[Data excerpts]
──────
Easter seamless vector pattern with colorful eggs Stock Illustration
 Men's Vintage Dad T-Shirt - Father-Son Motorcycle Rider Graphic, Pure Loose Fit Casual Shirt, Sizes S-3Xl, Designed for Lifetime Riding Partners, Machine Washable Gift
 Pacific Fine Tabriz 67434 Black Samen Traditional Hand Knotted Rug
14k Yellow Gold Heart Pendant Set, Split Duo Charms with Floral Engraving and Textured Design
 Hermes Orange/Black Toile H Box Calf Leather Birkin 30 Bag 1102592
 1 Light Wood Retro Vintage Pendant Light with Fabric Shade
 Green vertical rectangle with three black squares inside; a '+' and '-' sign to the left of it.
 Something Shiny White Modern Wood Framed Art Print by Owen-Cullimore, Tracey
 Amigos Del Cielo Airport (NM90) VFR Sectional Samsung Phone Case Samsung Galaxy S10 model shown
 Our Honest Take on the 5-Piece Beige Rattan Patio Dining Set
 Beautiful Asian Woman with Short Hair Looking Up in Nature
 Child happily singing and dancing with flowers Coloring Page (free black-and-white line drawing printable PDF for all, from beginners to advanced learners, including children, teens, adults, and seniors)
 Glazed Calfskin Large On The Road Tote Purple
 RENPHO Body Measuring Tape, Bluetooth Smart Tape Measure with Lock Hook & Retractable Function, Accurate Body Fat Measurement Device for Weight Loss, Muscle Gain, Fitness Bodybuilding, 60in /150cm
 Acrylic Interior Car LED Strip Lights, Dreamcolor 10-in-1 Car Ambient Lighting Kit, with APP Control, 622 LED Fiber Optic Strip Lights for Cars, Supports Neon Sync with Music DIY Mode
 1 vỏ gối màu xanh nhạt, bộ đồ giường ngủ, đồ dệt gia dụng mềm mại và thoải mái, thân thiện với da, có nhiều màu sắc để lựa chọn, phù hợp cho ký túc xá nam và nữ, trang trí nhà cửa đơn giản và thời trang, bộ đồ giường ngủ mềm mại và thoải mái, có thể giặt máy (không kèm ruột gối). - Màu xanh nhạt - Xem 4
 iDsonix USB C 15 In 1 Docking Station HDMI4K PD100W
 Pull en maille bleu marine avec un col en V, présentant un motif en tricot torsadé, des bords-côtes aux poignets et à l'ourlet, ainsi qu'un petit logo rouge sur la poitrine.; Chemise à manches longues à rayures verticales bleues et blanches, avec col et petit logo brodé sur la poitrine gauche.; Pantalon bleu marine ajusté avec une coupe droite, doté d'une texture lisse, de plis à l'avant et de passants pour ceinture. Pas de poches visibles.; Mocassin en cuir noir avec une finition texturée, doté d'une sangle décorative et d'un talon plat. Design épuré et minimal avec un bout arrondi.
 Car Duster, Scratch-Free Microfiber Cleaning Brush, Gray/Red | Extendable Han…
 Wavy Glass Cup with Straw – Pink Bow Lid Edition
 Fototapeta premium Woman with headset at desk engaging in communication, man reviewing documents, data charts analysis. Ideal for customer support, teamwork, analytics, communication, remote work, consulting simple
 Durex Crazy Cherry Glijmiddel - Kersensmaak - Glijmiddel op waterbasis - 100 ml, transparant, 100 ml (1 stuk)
──────
_EXERCISE DIRECTIONS_
Find "Fototapeta premium Woman" in the entries above, then repeat its line and all lines after it exactly, down to the last line.

_REPLY_
 Fototapeta premium Woman with headset at desk engaging in communication, man reviewing documents, data charts analysis. Ideal for customer support, teamwork, analytics, communication, remote work, consulting simple
 Durex Crazy Cherry Glijmiddel - Kersensmaak - Glijmiddel op waterbasis - 100 ml, transparant, 100 ml (1 stuk)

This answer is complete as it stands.